** Opening EXTRACTED INFORMATION block **

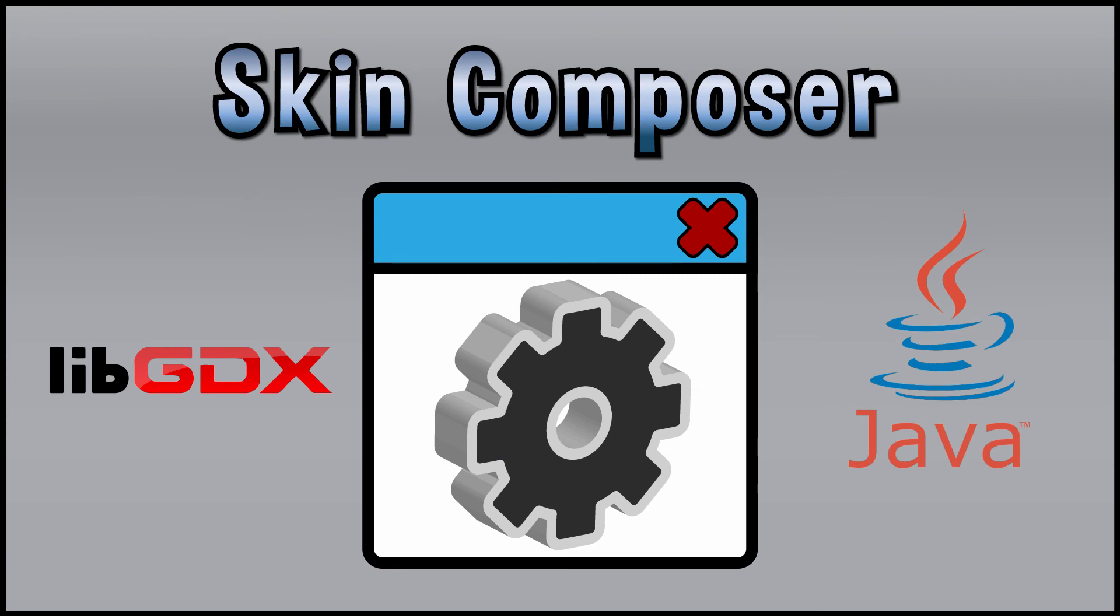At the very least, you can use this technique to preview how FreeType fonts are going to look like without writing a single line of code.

** Closing EXTRACTED INFORMATION block **
** Opening EXTRACTED INFORMATION block **

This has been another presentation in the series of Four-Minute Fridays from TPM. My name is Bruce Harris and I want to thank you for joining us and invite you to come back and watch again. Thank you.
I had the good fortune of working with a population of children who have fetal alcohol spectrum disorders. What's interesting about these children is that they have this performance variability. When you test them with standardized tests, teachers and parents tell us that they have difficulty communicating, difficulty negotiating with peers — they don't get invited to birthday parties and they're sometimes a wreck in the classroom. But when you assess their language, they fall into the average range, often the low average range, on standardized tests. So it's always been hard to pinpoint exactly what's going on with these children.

** Closing EXTRACTED INFORMATION block **
** Opening EXTRACTED INFORMATION block **

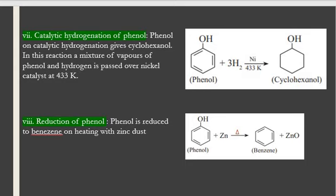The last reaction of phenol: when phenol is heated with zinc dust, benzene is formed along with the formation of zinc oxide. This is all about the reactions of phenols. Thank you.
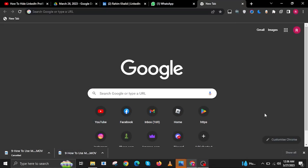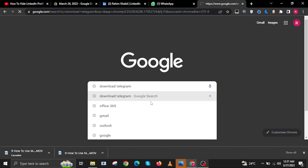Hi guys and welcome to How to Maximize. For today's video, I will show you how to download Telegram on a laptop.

** Closing EXTRACTED INFORMATION block **

**WHAT YOU ARE ASKED TO DO**
In the data above, which lines lie between the line with "This has been" and the line with "I had the good", inclusive? Print those lines exactly and nothing else.

**RESPONSE TO THE TASK**
This has been another presentation in the series of Four-Minute Fridays from TPM. My name is Bruce Harris and I want to thank you for joining us and invite you to come back and watch again. Thank you.
I had the good fortune of working with a population of children who have fetal alcohol spectrum disorders. What's interesting about these children is that they have this performance variability. When you test them with standardized tests, teachers and parents tell us that they have difficulty communicating, difficulty negotiating with peers — they don't get invited to birthday parties and they're sometimes a wreck in the classroom. But when you assess their language, they fall into the average range, often the low average range, on standardized tests. So it's always been hard to pinpoint exactly what's going on with these children.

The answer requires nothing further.